I biglietti per entrambi i match sono già disponibili per l’acquisto online, presso l’Aquila Store di Corso del Lavoro e della Scienza a Trento e presso i punti Vivaticket del territorio.
 
 La cronaca del match  
Il paradosso è che l’avvio di Trento è di quelli che sogni di avere sempre: triple di Biligha, Hubb e Grazulis e timeout Bucchi con gli ospiti avanti 0-11.
Il buon impatto di Forray dalla panchina alimenta l’avvio scoppiettante dell’attacco bianconero, che con una bella stoppata di Biligha sale di tono anche in difesa quando Charalampopoulos e Gombauld cominciano a salire di colpi (15-22 dopo i primi 10’).

Il problema è che a quel punto la Dolomiti Energia entra in una crisi senza fine in cui i padroni di casa non solo ribaltano l’inerzia della sfida, ma sembrano non poter sbagliare un colpo: il maxi parziale è di 30-6, con Udom a trovare una schiacciata in contropiede nel finale di quarto per evitare un secondo parziale senza canestri dal campo che non avrebbe forse avuto precedenti per la Dolomiti Energia (45-28 a metà partita).
I bianconeri aprono le danze nel terzo quarto con una tripla di Stephens, ma scivolano addirittura sul -29 contro una Sassari indomabile.

Eppure quest’Aquila non muore mai: rientra passo dopo passo in partita arrivando a riaprire clamorosamente i giochi nel finale.
Anzi, ha pure da recriminare per un paio di errori di Cooke e Baldwin che avrebbero potuto portare prima i bianconeri sotto la doppia cifra di distacco.
Una tripla di Hubb vale il -8, ma ormai mancano solo un paio di minuti alla fine e Sassari nonostante qualche brivido regge il colpo.
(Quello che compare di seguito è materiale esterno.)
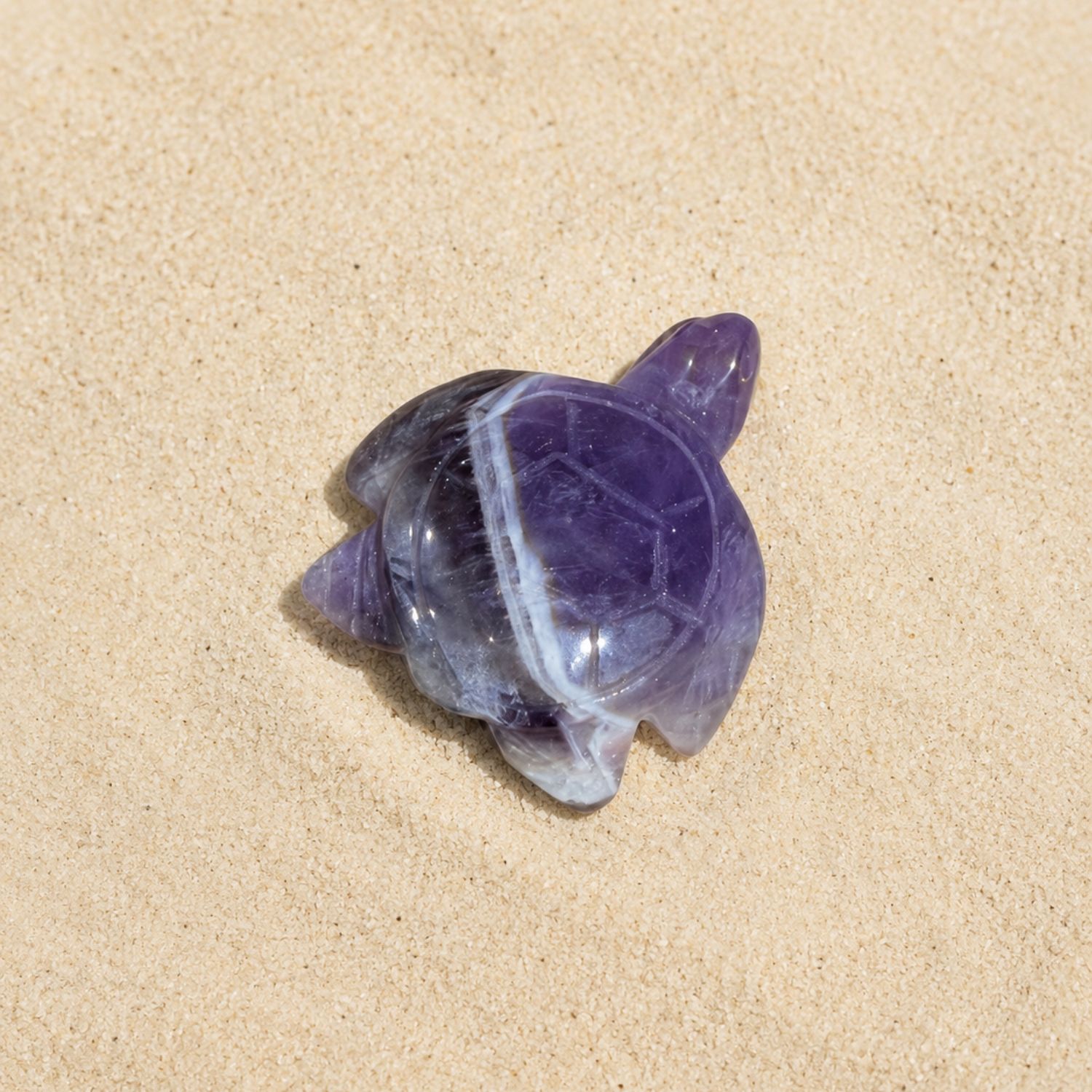 tortue-amethyste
Per Trento rimangono 10 i punti in classifica dopo 7 turni di campionato in quello che continua ad essere il miglior avvio di stagione di sempre per i bianconeri in Serie A.
 
 Il tabellino  
Banco di Sardegna Sassari 80 – Dolomiti Energia Trentino 73
(15-22, 45-28; 72-52)

Banco di Sardegna Sassari: Cappelletti, Pisano ne, Treier 9, Tyree 20, Kruslin, Whittaker 2, Raspino, Gandini ne, Gombauld 14, Gentile 15, McKinnie, Charalampopoulos 20. Coach Bucchi.
Dolomiti Energia Trentino: Ellis 1, Stephens 3, Hubb 18, Alviti 2, Conti ne, Forray 7, Cooke Jr. 6, Udom 10, Biligha 3, Grazulis 12, Baldwin 11. Coach Gabiati.
 
 Le parole di coach Galbiati  
«Complimenti a Sassari, tanti meriti loro e demeriti nostri.
«Nel secondo quarto ci siamo completamente bloccati, non ci siamo passati la palla: c’è stata però una bella reazione nel quarto periodo, perché quando giochi così male è difficile poi riprendere il filo della partita e noi ci siamo riusciti.
«Poi c’è anche il valore degli avversari: la classifica è falsa, Sassari è una squadra di alto livello. E complessivamente in una serata come questa e anche a fronte di un quarto da 6 punti segnati, non credo che sia stato l’attacco oggi il problema: il problema sono stati gli uno contro uno difensivi su cui abbiamo fatto tantissima fatica, e il problema è concedere 57 punti nei due quarti centrali.
«Decisamente troppi. Il peccato capitale è stato quello di non entrare in campo con lo stesso desiderio e lo stesso senso di urgenza dei nostri avversari.
«Ora torniamo in palestra, lavoriamo e vediamo di ritrovare un po’ di brillantezza per le prossime sfide che ci aspettano.»